Image-caption web data >>
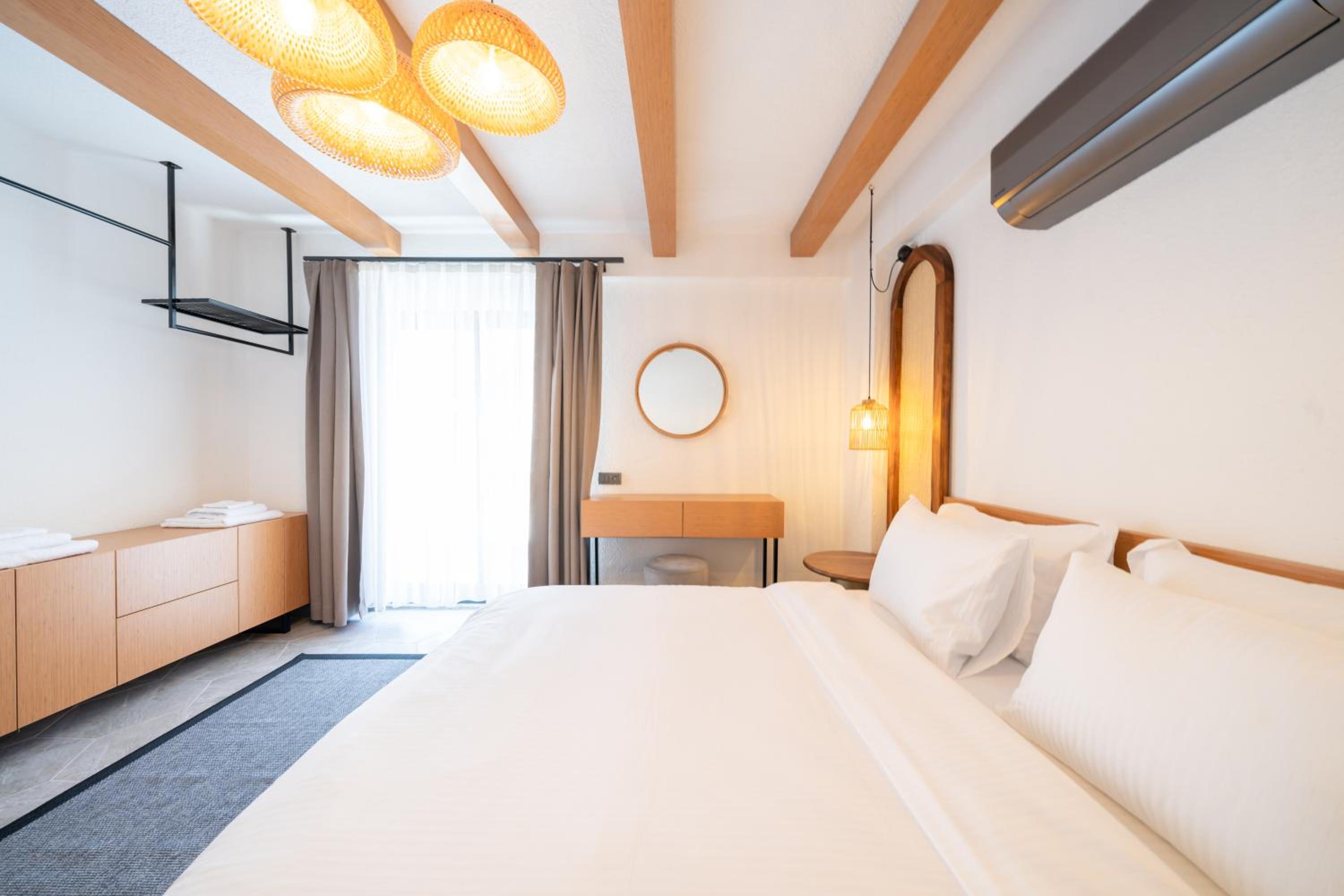Deluxe Double Room with Side Sea View - Photo 12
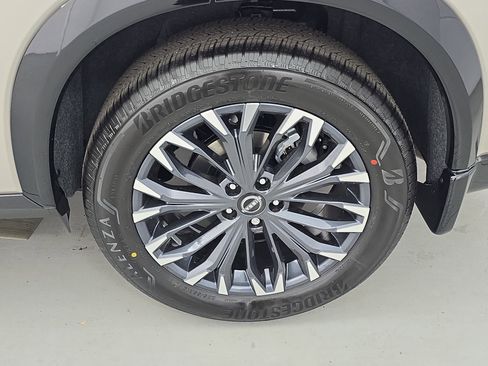 New 2026 Nissan Rogue Platinum w/ Platinum Premium Package AWD/4WD image 32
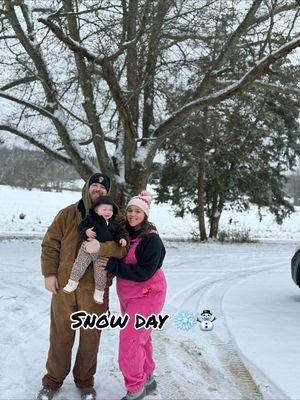 Got that hillbilly in us😂☃️❄️  #snowday #sahmtok #sahmlife #alabamamomtok #momtok #pregnanttiktok #prgenantmomlife #snowvlog #fyp 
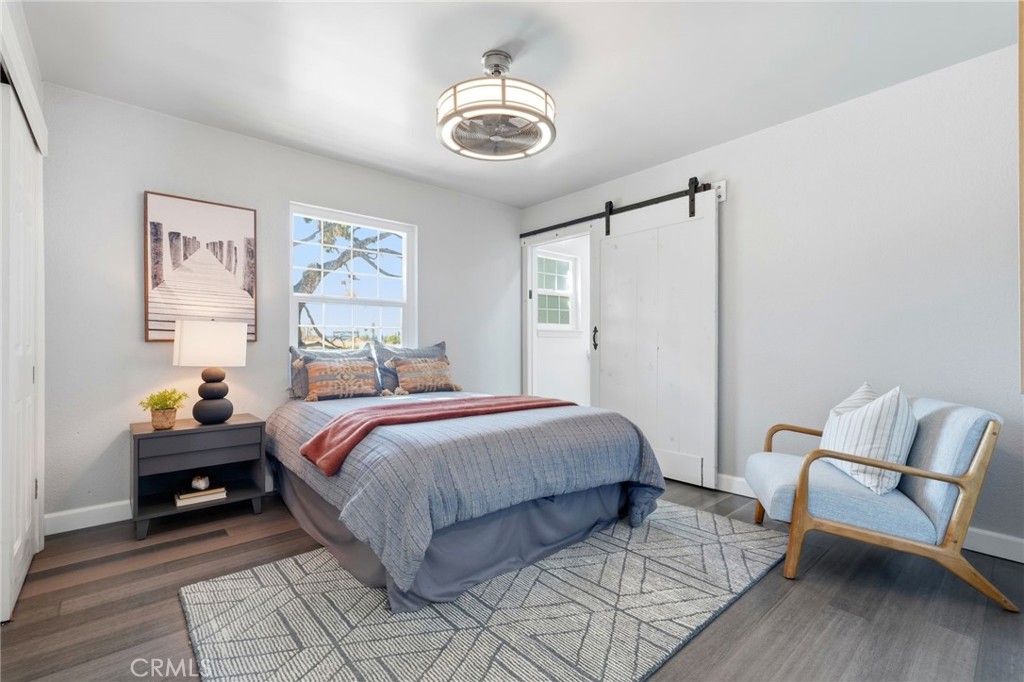 7304 Balboa C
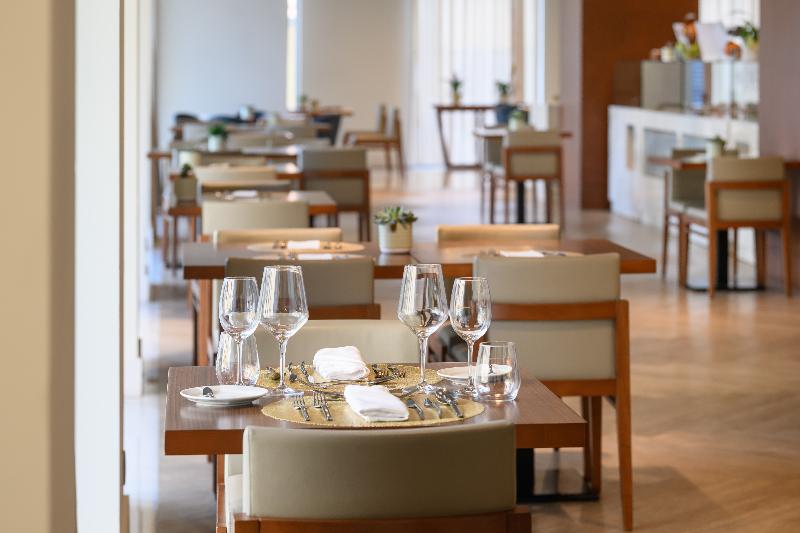 Melia Setubal - Restoran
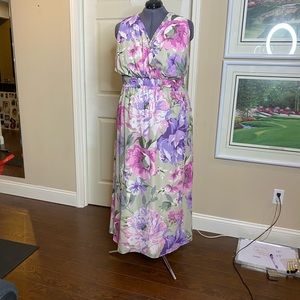 London Times Maxi pink Floral Dress size 18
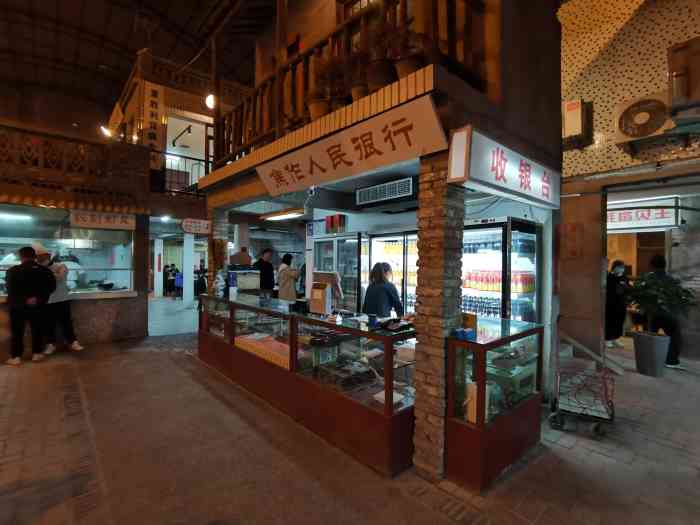 政二街生蚝扇贝王(东二环路店)-"[薄荷]环境: 在原来的中轴厂的旧厂房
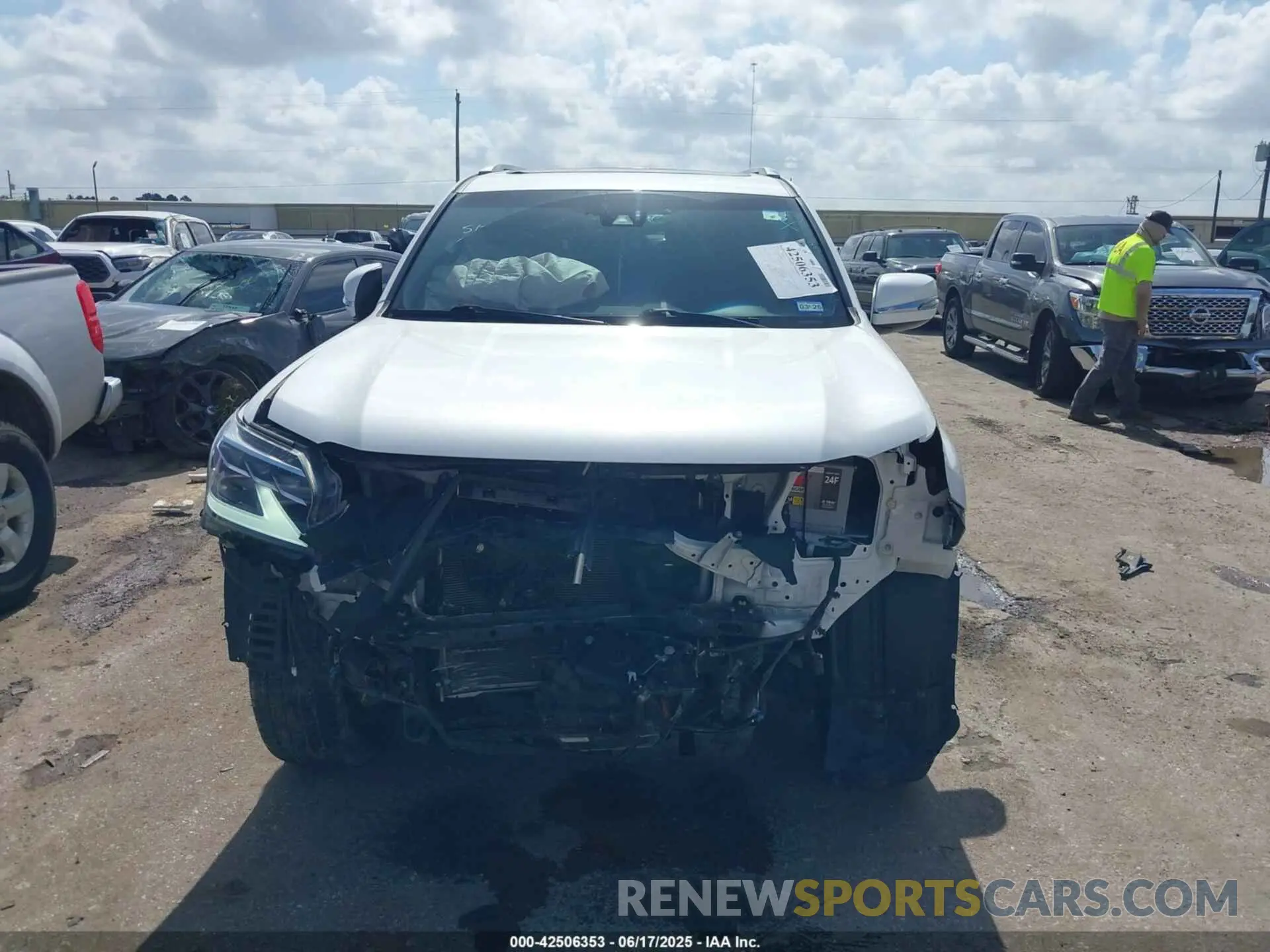 13 fotografías del automóvil dañado JTJAM7BX3L5246847 LEXUS GX 460 2020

Problem to work on >>
Pictures excluded, quote all the data above exactly.

Answer box >>
Deluxe Double Room with Side Sea View - Photo 12
 New 2026 Nissan Rogue Platinum w/ Platinum Premium Package AWD/4WD image 32
 Got that hillbilly in us😂☃️❄️  #snowday #sahmtok #sahmlife #alabamamomtok #momtok #pregnanttiktok #prgenantmomlife #snowvlog #fyp 
 7304 Balboa C
 Melia Setubal - Restoran
 London Times Maxi pink Floral Dress size 18
 政二街生蚝扇贝王(东二环路店)-"[薄荷]环境: 在原来的中轴厂的旧厂房
 13 fotografías del automóvil dañado JTJAM7BX3L5246847 LEXUS GX 460 2020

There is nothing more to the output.